Il genius loci di Weimar – e forse della migliore Germania – è Goethe, che, pur essendo nato nel 1749 a Francoforte sul Meno, in Occidente, a ventisei anni si trasferì a Oriente, nell’allora Ducato di Sassonia-Weimar, invitato da un intelligente quanto irruente principe, il duca Carl August, che in breve sarebbe divenuto l’illuminato monarca di un piccolo Stato che grazie a lui e a sua madre, la duchessa Anna-Amalia, divenne il centro spirituale, intellettuale, artistico della Germania e d’Europa. Weimar contava allora circa 6.000 abitanti (oggi non arriva a 65.000); era impensabile che Goethe, che con il Werther era diventato l’autore più noto d’Europa, si fermasse più di qualche mese in quella minuscola capitale. E invece ci rimase fino alla morte, nel 1832. D’estate andava in vacanza in Boemia, alle famose terme di Karlsbad e di Marienbad, spesso con il duca, con la nobile Charlotte von Stein, cui si era legato da un profondo legame sentimentale (lei era sposata con sette figli), e con Herder, che era riuscito a far chiamare a Weimar. Con una sorprendente eccezione: soggiornò quasi due anni in Italia, soprattutto a Roma, il grande amore della vita, dove, comunque, si guardò bene dal restare. Come pure non accettò l’invito di trasferirsi a Parigi che gli rivolse Napoleone, imperatore dei francesi e padrone d’Europa. Perché rifiutare? Proprio lui che era un leale ammiratore dell’Empereur, simpatia che gli procurò l’avversione della gioventù tedesca, che l’occupazione francese aveva risvegliato a un insano nazionalismo. E così Goethe rimase per tutta la vita in una cittadina che in virtù della sua presenza divenne un santuario culturale e artistico dell’Europa.

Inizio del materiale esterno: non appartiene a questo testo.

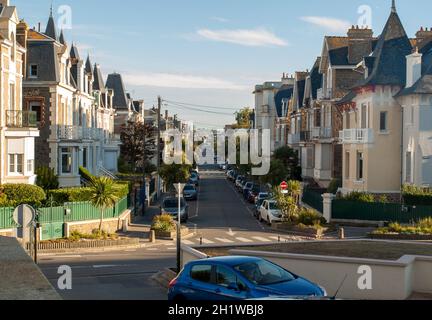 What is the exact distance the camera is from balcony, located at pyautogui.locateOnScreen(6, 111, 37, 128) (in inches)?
1571

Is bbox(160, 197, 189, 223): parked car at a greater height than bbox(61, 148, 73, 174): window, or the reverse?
bbox(61, 148, 73, 174): window

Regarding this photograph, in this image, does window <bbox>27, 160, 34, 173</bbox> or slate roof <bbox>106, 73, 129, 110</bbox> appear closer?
window <bbox>27, 160, 34, 173</bbox>

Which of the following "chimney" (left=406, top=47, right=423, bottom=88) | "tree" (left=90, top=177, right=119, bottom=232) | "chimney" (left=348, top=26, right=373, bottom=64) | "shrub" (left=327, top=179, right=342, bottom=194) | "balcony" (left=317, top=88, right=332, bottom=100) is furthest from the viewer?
"balcony" (left=317, top=88, right=332, bottom=100)

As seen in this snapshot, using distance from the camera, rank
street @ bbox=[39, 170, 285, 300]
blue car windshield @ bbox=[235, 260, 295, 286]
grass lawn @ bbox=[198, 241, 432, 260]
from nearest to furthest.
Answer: blue car windshield @ bbox=[235, 260, 295, 286] < street @ bbox=[39, 170, 285, 300] < grass lawn @ bbox=[198, 241, 432, 260]

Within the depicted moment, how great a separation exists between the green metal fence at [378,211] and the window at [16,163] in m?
17.7

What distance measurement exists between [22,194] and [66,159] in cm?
1359

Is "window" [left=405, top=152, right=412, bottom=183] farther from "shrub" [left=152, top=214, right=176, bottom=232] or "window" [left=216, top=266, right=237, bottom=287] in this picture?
"window" [left=216, top=266, right=237, bottom=287]

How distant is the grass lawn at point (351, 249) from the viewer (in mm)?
21250

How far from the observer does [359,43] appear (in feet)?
184

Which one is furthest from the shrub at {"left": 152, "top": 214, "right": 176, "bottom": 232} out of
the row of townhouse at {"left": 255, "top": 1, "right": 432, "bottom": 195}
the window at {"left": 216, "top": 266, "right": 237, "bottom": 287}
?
the window at {"left": 216, "top": 266, "right": 237, "bottom": 287}

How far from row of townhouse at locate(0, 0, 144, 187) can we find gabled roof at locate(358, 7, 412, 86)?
1934 cm

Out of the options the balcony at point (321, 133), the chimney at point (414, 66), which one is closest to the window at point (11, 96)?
the chimney at point (414, 66)

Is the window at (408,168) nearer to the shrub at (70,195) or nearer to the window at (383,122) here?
the window at (383,122) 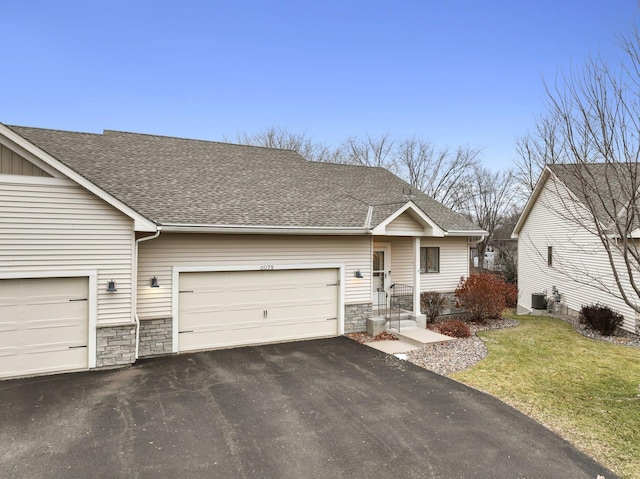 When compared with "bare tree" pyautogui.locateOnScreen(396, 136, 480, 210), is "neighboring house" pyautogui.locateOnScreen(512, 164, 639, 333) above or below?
below

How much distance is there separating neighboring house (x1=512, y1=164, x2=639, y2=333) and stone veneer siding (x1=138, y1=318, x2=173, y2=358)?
1191 centimetres

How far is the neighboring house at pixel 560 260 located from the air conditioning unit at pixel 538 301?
1.7 inches

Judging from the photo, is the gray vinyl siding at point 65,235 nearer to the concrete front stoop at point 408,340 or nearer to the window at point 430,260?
the concrete front stoop at point 408,340

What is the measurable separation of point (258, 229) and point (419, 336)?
546 centimetres

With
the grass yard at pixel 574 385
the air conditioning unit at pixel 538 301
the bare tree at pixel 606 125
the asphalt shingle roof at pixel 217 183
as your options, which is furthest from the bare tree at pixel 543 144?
the air conditioning unit at pixel 538 301

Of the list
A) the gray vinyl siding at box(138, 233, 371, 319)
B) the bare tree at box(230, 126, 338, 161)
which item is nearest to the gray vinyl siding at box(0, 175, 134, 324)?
the gray vinyl siding at box(138, 233, 371, 319)

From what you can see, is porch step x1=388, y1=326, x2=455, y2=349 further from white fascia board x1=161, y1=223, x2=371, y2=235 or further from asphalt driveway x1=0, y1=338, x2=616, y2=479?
white fascia board x1=161, y1=223, x2=371, y2=235

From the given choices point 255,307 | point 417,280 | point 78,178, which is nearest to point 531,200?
point 417,280

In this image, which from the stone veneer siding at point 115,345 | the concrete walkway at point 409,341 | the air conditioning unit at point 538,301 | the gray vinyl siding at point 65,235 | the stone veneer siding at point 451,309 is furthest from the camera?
the air conditioning unit at point 538,301

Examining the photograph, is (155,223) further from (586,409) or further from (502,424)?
(586,409)

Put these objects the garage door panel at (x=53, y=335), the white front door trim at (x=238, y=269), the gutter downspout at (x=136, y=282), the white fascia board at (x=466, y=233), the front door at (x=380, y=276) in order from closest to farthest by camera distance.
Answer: the garage door panel at (x=53, y=335) → the gutter downspout at (x=136, y=282) → the white front door trim at (x=238, y=269) → the front door at (x=380, y=276) → the white fascia board at (x=466, y=233)

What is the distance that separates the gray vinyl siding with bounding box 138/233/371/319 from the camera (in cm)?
898

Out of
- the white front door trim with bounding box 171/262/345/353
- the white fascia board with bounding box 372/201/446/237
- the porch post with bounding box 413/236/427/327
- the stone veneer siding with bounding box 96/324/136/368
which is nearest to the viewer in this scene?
the stone veneer siding with bounding box 96/324/136/368

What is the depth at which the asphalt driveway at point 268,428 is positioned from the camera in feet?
14.7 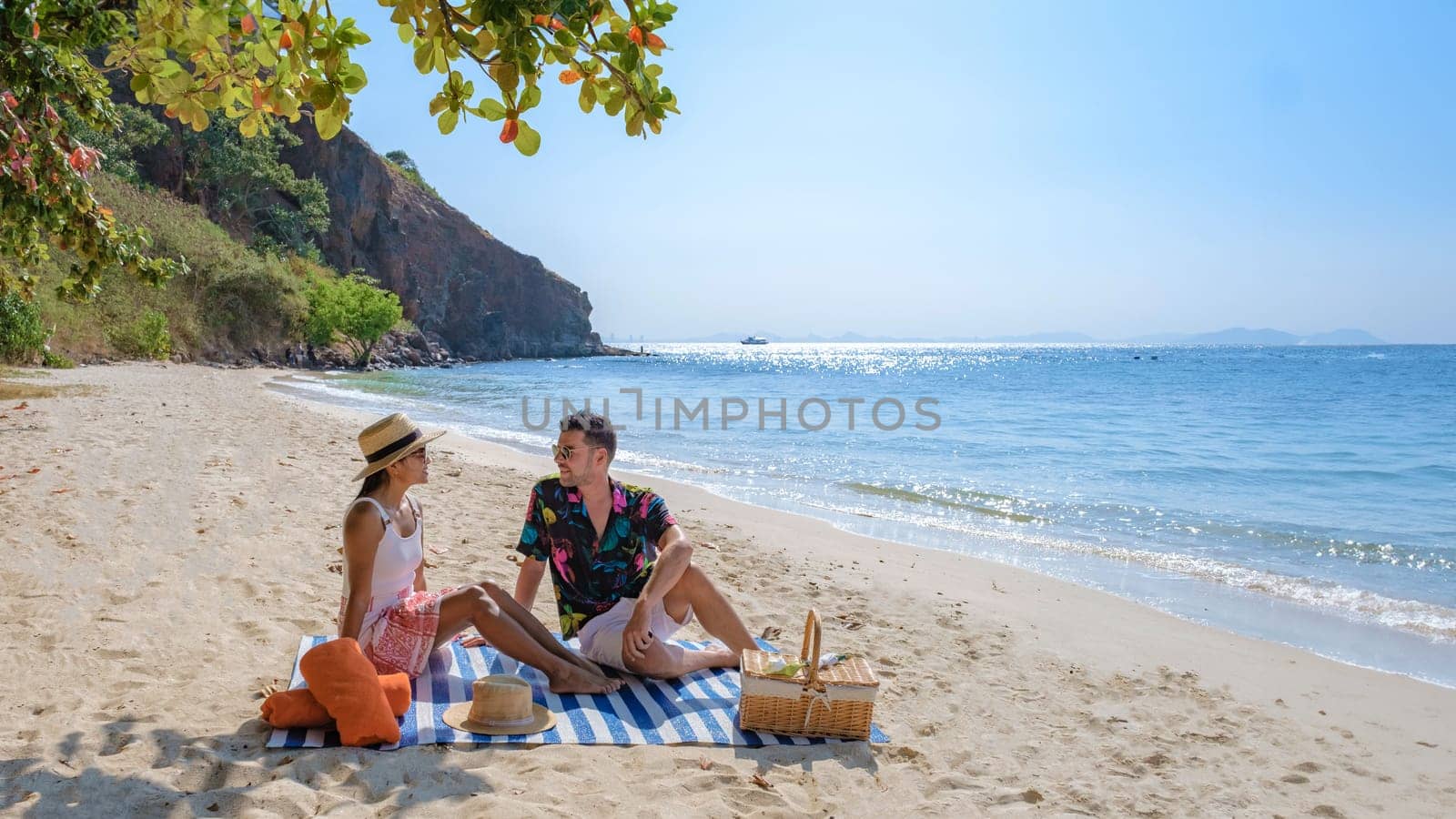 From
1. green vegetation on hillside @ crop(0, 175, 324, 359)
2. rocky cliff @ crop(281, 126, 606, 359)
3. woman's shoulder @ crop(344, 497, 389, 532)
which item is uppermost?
rocky cliff @ crop(281, 126, 606, 359)

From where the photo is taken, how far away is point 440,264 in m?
68.2

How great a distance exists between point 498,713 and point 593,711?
1.44 ft

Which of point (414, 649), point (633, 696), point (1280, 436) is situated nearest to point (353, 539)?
point (414, 649)

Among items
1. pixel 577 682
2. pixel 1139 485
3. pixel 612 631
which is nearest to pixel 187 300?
pixel 1139 485

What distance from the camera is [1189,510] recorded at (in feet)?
38.1

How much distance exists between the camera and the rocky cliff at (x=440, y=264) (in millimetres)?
55906

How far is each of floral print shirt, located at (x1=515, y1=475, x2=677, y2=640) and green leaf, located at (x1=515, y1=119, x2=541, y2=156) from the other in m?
2.24

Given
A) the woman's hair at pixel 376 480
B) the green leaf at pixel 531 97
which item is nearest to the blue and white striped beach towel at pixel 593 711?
the woman's hair at pixel 376 480

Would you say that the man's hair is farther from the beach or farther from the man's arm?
the beach

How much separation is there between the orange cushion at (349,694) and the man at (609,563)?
3.34ft

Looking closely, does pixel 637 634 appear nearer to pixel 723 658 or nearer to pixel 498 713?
pixel 723 658

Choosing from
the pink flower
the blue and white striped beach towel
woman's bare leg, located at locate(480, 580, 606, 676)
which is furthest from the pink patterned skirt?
the pink flower

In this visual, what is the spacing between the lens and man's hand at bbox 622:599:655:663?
13.4ft

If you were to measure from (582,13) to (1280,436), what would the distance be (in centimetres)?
2437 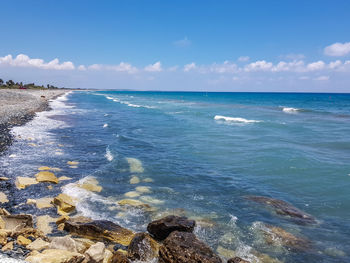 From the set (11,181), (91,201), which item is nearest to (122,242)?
(91,201)

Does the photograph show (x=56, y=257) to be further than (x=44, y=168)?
No

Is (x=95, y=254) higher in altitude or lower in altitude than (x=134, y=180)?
higher

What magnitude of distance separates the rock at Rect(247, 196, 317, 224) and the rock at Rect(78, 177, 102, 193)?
691 cm

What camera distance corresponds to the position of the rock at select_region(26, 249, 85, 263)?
5810 mm

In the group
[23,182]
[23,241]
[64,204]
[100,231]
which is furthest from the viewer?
[23,182]

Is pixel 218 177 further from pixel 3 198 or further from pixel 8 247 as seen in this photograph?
pixel 8 247

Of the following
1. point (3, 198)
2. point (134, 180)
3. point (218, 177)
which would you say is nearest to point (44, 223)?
point (3, 198)

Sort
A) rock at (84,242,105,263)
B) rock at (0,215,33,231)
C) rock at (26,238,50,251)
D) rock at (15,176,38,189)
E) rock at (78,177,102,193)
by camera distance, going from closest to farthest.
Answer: rock at (84,242,105,263)
rock at (26,238,50,251)
rock at (0,215,33,231)
rock at (15,176,38,189)
rock at (78,177,102,193)

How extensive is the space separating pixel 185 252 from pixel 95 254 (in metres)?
2.21

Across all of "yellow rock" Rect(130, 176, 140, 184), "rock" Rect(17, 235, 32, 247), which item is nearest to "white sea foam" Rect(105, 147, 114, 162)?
"yellow rock" Rect(130, 176, 140, 184)

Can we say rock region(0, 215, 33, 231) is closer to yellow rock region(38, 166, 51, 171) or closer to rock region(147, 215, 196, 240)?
rock region(147, 215, 196, 240)

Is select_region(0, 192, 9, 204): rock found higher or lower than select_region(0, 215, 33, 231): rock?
lower

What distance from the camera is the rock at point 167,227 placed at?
7875mm

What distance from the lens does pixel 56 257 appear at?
5938 mm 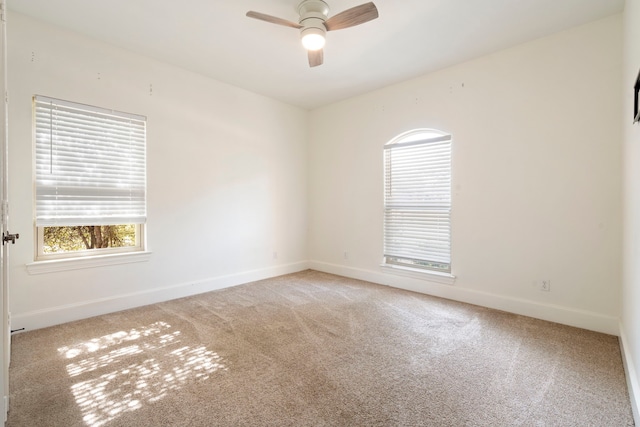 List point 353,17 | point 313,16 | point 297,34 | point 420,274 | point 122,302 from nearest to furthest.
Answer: point 353,17 < point 313,16 < point 297,34 < point 122,302 < point 420,274

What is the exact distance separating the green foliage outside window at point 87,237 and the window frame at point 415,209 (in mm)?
3386

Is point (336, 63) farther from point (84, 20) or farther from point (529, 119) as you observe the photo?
point (84, 20)

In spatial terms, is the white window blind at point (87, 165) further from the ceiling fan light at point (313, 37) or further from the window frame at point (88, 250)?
the ceiling fan light at point (313, 37)

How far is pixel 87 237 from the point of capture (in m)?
3.30

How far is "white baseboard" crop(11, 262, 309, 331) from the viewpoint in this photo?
2.84 metres

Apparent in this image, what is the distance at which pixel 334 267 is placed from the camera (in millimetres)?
5164

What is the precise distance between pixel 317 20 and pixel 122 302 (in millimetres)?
3553

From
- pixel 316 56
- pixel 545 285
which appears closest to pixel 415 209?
pixel 545 285

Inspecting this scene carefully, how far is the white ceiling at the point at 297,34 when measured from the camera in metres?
2.64

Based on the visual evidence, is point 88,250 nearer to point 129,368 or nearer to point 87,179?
point 87,179

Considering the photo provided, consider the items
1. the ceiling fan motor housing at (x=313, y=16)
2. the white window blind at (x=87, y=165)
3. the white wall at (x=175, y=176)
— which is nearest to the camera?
the ceiling fan motor housing at (x=313, y=16)

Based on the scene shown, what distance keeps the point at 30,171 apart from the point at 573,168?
17.2 feet

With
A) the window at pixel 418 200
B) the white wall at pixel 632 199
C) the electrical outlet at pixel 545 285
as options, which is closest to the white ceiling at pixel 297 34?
the white wall at pixel 632 199

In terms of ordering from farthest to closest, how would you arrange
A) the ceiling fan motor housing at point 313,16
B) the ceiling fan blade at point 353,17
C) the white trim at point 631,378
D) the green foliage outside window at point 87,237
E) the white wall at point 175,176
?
the green foliage outside window at point 87,237 → the white wall at point 175,176 → the ceiling fan motor housing at point 313,16 → the ceiling fan blade at point 353,17 → the white trim at point 631,378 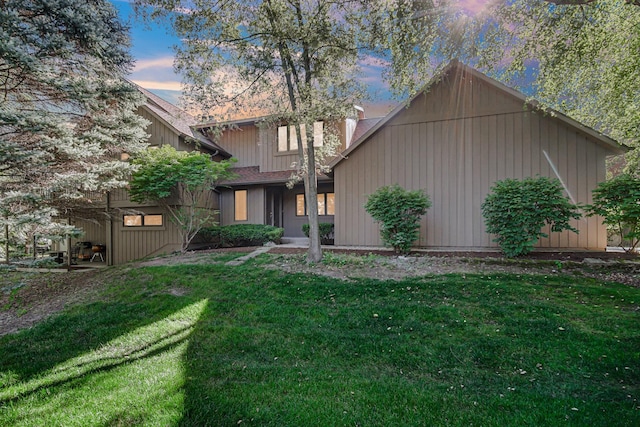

E la forza d’attrazione di questo “santuario” continuò. A Weimar si trasferì negli anni successivi Liszt; a Weimar morì, ancorché ormai obnubilato, Friedrich Nietzsche, di cui la città custodisce l’archivio, insieme a quelli, preziosissimi per la cultura mondiale, di Goethe, di Schiller e di Herder. E a Weimar agì anche il giovane Richard Strauss, proponendo le sue sinfonie giovanili più innovative. Nello stesso periodo all’Archivio Goethe lavorò Rudolf Steiner che, meditando sulle opere scientifiche di Goethe, fondò l’antroposofia e il suo straordinario centro spirituale, il Goetheanum, in Svizzera.

Ma la storia di questo luogo eccezionale continua: a Weimar Walter Gropius fondò il Bauhaus nel 1919 e nello stesso anno qui si raccolse il primo Parlamento tedesco per emanare la celebre Costituzione di Weimar (da cui la “Repubblica di Weimar”), così liberale e permissiva da non prevedere robusti argini contro il nazionalsocialismo, che scelse la città come uno dei suoi emblemi, nazificando il volto architettonico della città, altrimenti gioiosamente settecentesco e Biedermeier. Il terrore hitleriano è presente con il lager di Buchenwald, nei dintorni della città. Questa storia ora è raccontata da Annette Seemann in un godibile libro, Weimar (edizioni Beck), che varrebbe la pena tradurre.

Ma la città oggi può fornirci ancora molte lezioni: la sua storia recente comincia a metà Settecento. Vi sono musei e archivi e, da non trascurare, il più bel parco d’Europa, sul fiume Ilm. La Biblioteca Nazionale di Roma ha chiuso per il caldo. Quella universitaria di Roma Tre chiude per risparmiare energia. Quella di Weimar, aperta fino alle 21 (e anche qui fa caldo), è un gioiello (dedicato alla fondatrice Anna-Amalia) di organizzazione e di gentilezza, con fondi librari notevolissimi, molti di recente acquisizione (quando non c’è “mafia capitale”!) a cura della Fondazione Klassik Stiftung, mentre a Lipsia, a Marburg, a Friburgo le biblioteche non chiudono mai (a Berlino e a Monaco alle 24)! In questi giorni la maggioranza dei frequentatori sono italiani, e si capisce perché.

Weimar ha investito in cultura e ne ha ricevuto un riscontro immenso, sia finanziario sia come immagine di civiltà. Per dirla con Benedetto Croce: “Questa è la Germania che amiamo”. (Mi chiedo se Goethe trascorrerebbe ancora quasi due anni nella Città Eterna, a via del Corso 18, dove un bel museo lo ricorda: un museo tedesco!)